What percentage of all official airports is situated in the United States? You know that the distances to be covered are great, that people fly more in the US than anywhere else in the world and that many businesses have their own corporate jets. This ‘knowledge’ is a combination of scraps of information that we have collected in the course of time and now put together to formulate an answer. If you pose this question to a group of professionals, most of their responses would lie between 20% and 40%. The correct percentage is 30. But what would be the number of airports situated in the US? The answers are very diverse: from 1,000 to 50,000. If we have a relative figure, we can usually get close to the correct answer, but with an absolute we find ourselves at a complete loss. The correct answer is 14,858 airports.

The hearing of an absolute number prompts a lot of responses. That many? Unbelievable! An absolute answer is important to make people aware of something. The fact that 80% of a company’s customers are satisfied means relatively little to us. But when it becomes clear that the number of dissatisfied customers still runs into tens of thousands, we can easily picture an angry horde. When KPIs are used to illustrate performance, we need to focus on emotional impact as much as possible. We tend to respond better to an absolute figure.

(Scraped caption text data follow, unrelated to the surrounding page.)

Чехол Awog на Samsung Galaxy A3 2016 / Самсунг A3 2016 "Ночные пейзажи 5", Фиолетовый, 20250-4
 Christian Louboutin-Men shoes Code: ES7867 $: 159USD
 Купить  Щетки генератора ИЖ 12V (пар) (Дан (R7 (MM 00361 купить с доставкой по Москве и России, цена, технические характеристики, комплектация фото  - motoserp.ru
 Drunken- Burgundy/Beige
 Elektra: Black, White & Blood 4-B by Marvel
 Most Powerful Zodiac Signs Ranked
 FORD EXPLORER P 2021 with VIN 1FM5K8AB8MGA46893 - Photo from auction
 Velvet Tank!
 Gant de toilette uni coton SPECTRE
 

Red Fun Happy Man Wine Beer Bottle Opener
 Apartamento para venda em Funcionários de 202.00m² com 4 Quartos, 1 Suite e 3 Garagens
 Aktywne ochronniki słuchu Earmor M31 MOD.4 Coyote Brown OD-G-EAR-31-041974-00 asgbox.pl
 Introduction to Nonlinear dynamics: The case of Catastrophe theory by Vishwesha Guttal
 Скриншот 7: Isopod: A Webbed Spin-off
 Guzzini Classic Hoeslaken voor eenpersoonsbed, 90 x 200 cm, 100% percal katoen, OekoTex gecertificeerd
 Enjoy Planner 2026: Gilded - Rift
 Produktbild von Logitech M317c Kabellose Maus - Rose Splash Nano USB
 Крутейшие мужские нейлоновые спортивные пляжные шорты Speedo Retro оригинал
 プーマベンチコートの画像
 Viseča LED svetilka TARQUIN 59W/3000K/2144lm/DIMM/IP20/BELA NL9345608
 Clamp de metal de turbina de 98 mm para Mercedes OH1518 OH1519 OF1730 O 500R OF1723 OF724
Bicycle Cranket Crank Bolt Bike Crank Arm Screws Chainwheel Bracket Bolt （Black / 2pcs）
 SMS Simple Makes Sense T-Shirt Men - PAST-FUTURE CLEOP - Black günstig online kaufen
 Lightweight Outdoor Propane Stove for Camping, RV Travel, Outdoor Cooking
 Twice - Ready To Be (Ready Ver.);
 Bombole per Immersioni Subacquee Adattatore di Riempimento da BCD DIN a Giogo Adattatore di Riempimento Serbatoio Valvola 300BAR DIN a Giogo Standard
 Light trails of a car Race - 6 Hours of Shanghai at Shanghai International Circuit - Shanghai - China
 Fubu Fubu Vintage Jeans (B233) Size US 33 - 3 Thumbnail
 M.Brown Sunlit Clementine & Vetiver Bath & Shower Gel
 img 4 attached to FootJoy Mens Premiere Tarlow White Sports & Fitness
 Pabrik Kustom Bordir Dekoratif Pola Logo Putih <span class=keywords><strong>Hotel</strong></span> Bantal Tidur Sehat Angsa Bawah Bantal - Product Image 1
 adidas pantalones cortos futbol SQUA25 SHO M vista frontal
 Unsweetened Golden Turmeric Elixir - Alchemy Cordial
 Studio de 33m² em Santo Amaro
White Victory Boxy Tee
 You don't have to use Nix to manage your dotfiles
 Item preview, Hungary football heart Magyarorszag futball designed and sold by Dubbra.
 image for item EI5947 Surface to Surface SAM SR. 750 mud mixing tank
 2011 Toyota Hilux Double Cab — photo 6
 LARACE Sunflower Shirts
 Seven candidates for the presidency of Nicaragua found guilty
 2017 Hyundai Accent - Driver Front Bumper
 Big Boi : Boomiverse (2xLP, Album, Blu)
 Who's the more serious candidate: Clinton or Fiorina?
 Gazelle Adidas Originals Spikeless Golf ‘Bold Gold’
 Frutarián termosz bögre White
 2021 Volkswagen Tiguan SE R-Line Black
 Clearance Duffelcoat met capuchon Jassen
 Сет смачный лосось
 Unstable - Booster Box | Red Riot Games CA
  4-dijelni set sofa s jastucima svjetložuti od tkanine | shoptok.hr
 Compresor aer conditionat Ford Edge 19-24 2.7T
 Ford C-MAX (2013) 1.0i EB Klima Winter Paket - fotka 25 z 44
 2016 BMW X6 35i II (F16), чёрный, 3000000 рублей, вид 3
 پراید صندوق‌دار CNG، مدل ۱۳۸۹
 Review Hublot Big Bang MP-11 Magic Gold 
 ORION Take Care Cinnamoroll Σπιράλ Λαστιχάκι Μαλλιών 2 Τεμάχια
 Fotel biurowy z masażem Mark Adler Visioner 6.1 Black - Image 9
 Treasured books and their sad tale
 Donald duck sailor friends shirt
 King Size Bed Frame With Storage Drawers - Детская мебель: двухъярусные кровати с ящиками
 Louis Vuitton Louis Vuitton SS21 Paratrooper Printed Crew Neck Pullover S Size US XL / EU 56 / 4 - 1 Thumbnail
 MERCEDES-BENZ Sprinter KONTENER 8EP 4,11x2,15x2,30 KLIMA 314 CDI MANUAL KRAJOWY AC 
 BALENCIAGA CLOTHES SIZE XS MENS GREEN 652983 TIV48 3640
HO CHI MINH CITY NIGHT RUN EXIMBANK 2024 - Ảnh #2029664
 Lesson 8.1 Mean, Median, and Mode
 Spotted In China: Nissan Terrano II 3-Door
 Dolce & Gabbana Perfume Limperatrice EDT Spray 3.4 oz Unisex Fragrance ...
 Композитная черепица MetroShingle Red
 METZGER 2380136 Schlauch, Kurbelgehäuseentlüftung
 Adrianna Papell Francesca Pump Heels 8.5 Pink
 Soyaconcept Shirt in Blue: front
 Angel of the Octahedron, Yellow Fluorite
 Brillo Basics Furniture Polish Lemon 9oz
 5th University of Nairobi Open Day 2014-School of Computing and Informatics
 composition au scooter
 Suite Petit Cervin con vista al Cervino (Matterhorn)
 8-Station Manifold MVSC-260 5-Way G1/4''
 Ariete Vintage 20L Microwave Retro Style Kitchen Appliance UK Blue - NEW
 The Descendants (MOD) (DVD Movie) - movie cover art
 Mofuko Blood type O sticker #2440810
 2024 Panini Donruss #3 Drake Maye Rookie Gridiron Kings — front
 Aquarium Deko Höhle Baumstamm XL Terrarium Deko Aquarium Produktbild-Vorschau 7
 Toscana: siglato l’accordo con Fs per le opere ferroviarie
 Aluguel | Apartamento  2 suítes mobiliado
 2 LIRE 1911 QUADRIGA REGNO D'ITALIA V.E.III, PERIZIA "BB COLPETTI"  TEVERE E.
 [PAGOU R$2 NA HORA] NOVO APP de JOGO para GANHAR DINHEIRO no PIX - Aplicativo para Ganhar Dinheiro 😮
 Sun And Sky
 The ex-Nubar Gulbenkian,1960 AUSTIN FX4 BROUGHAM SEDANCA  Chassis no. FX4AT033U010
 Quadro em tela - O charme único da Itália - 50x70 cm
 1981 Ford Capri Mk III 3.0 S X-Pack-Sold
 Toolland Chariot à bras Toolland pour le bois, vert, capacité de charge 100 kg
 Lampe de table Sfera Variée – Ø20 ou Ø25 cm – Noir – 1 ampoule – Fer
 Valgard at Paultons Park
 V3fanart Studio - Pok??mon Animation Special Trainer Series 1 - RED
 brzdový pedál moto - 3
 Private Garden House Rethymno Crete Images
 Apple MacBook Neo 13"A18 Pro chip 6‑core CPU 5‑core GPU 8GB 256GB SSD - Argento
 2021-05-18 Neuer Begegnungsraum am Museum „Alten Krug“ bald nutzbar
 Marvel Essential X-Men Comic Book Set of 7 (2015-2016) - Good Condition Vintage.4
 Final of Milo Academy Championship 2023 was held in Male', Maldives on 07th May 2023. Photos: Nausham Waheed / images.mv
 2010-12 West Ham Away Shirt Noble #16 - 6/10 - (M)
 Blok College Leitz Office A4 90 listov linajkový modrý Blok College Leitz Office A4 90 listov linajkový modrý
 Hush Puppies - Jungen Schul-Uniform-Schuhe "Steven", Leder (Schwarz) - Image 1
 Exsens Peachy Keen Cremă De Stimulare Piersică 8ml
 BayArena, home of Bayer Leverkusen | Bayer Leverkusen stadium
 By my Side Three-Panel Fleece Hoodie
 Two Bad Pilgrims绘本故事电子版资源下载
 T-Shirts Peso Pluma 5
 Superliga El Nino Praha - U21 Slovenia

If you want to influence behaviour, you need to focus on KPIs that matter to people.

KPIs for IT are often relative figures such as a server availability of 99%. That doesn’t mean much to users (read: customers) or suppliers. There’s not much drive hidden in 99%. Why? Anything above 95% simply sounds like a great score on your report card. It does little to instil a sense of urgency. But the number of missed orders, the number of lost production hours or the number of dissatisfied users are figures about which people do feel IT has an impact on. The 99-dogma is lifeless, especially when it represents something that has no bearing on the real-life activities on the shop floor or in the field.

What is the business impact of an hour’s downtime of a core application? You need to express this in appealing terms. For example, what happens when the weighbridge application of Van Gansewinkel Group, a Dutch waste processing firm as well as provider of raw materials and energy, is offline in the Dutch regions? A mere hour later you have more than 350 garbage trucks standing still and unable to unload. This is equal to a tailback of 2.3 km. Such a traffic jam costs loads of money, causes irritation among the locals, poses a danger to other traffic and has a negative effect on the environment. Relating the solution time of this core application (with all supporting configuration items as infrastructure) to the theoretical length of the traffic jam results in a KPI that appeals to the imagination and is therefore topical. A gridlock KPI is ingenious because it is something everyone can identify with. IT workers want to prevent such a gridlock or at least resolve it as quickly as possible. By using instinctive examples they are able to better relate their own tasks (and priorities) to the business interests. For that reason it is vital to cut back on soulless KPIs and to arrive at examples that speak to the imagination and whose simplicity creates mutual understanding and are therefore ingenious!